In recent years the Internet has been transformed from a special purpose network to an ubiquitous platform for a wide range of everyday communication services. The demands on Internet reliability and availability have increased accordingly. A disruption of a link in central parts of a network has the potential to affect hundreds of thousands of phone conversations or TCP connections, with obvious adverse effects.
The ability to recover from failures has always been a central design goal in the Internet. See D. D. Clark, “The Design Philosophy of the DARPA Internet Protocols,” SIGCOMM, Computer Communications Review, vol. 18, no. 4, pp. 106-114, August 1988. IP networks are intrinsically robust, since IGP routing protocols like OSPF are designed to update the forwarding information based on the changed topology after a failure. This re-convergence assumes full distribution of the new link state to all routers in the network domain. When the new state information is distributed, each router individually calculates new valid routing tables.

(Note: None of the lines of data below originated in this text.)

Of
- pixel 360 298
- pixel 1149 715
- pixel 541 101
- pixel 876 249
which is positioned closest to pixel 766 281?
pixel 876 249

This network-wide IP re-convergence is a time consuming process, and a link or node failure is typically followed by a period of routing instability. During this period, packets may be dropped due to invalid routes. This phenomenon has been studied in both IGP (A. Basu and J. G. Riecke, “Stability Issues in OSPF Routing,” in Proceedings of SIGCOMM 2001, August 2001, pp. 225-236) and BGP context (C. Labovitz, A. Ahuja, A. Bose, and F. Jahanian, “Delayed Internet Routing Convergence,” IEEE/ACM transactions on Networking, vol. 9, no. 3, pp. 293-306, June 2001) and has an adverse effect on real-time applications (C. Boutremans, G. Iannaccone, and C. Diot, “Impact of link failures on VoIP performance,” in Proceedings of international Workshop on Network and Operating System Support for Digital Audio and Video, 2002). Events leading to a re-convergence have been shown to occur frequently, and are often triggered by external routing protocols (D. Watson, F. Jahanian, and C. Labovitz, “Experiences with monitoring OSPF on a regional service provider network,” in ICDCS '03: Proceedings of the 23rd International Conference on Distributed Computing Systems. IEEE Computer Society, 2003, pp. 204-213).

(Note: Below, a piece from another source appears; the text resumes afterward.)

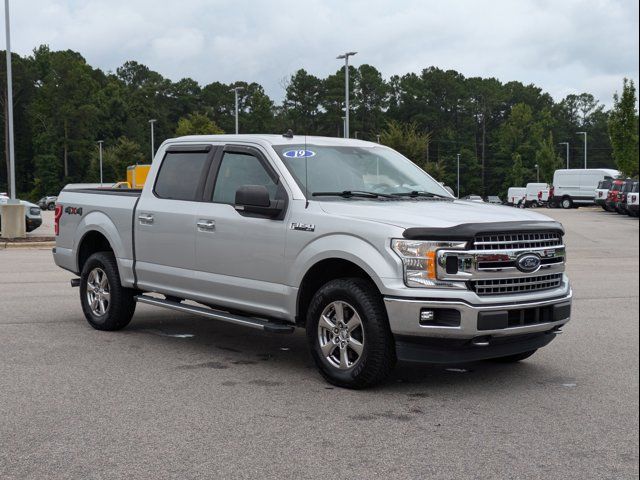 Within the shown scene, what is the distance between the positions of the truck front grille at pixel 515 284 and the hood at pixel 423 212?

Much effort has been devoted to optimizing the different steps of the convergence of IP routing, i.e., detection, dissemination of information and shortest path calculation, but the convergence time is still too large for applications with real time demands. A key problem is that since most network failures are short lived (A. Markopoulou, G. Iannaccone, S. Bhattacharyya, C.-N. Chuah, and C. Diot, “Characterization of failures in an IP backbone network,” in Proceedings of INFOCOM 2004, March 2004) too rapid triggering of the reconvergence process can cause route flapping and increased network instability.
The IGP convergence process is slow because it is reactive and global. It reacts to a failure after it has happened, and it involves all the routers in the domain.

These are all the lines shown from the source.